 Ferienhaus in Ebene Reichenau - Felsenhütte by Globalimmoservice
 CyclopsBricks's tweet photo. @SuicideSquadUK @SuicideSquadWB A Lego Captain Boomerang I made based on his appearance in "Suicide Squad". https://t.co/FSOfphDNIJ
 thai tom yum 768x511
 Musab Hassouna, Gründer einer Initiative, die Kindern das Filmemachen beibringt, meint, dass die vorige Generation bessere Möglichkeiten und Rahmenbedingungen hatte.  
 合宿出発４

==

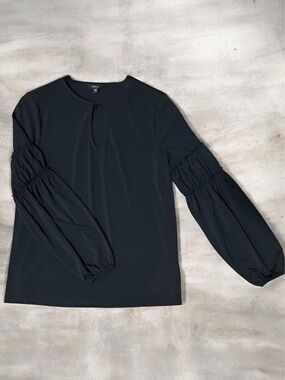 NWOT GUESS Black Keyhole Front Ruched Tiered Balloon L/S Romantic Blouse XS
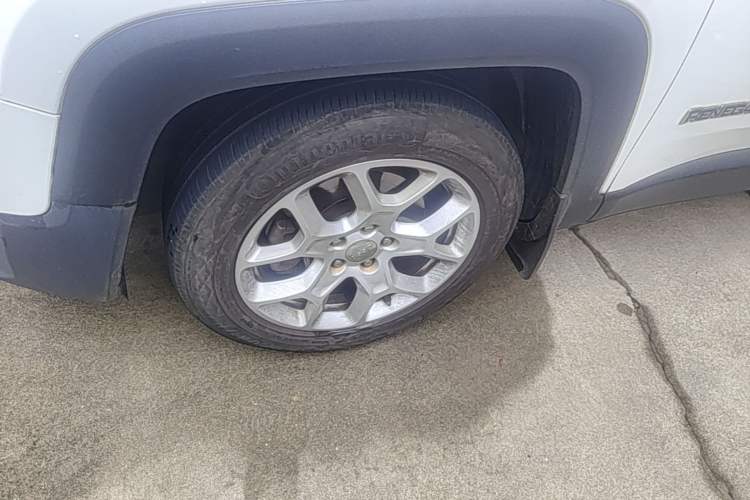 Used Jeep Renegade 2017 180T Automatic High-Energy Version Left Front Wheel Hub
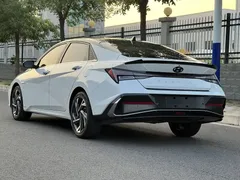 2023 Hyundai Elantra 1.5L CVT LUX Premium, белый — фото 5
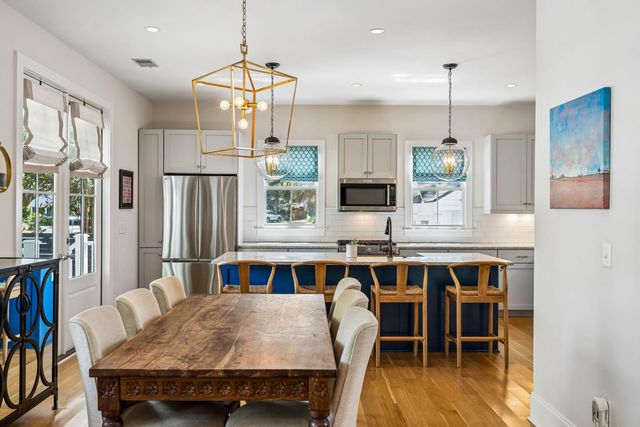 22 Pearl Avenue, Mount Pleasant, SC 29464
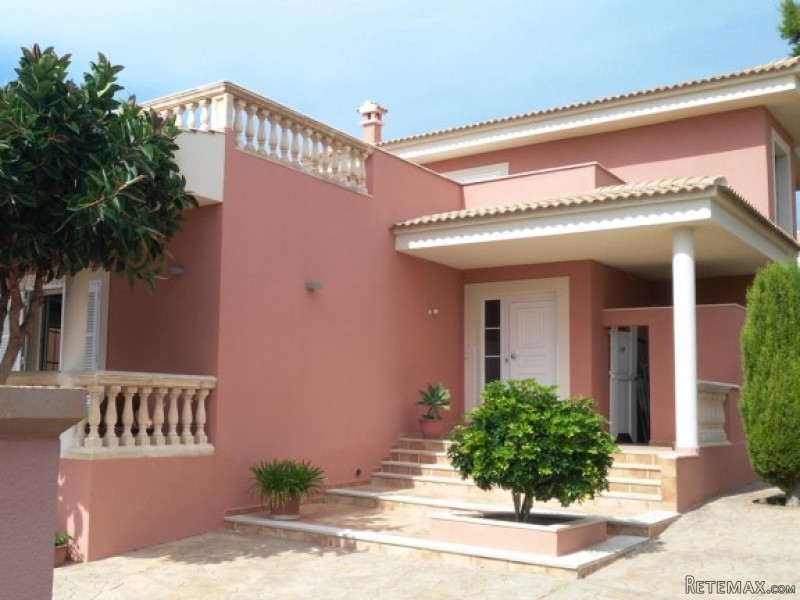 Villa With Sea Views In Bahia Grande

* * *

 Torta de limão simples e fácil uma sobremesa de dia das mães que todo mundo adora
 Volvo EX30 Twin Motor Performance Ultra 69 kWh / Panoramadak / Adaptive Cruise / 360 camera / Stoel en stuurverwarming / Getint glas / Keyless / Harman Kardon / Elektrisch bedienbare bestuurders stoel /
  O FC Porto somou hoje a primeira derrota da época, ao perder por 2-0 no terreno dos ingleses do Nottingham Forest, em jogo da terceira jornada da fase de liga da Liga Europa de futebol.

* [Required action]: Nothing except the lines from the one containing "22 Pearl Avenue, Mount Pleasant, SC 29464" through the one containing "Villa With Sea Views In Bahia Grande" should appear in the answer, exactly as above and without pictures.

* [Written response]:
 22 Pearl Avenue, Mount Pleasant, SC 29464
 Villa With Sea Views In Bahia Grande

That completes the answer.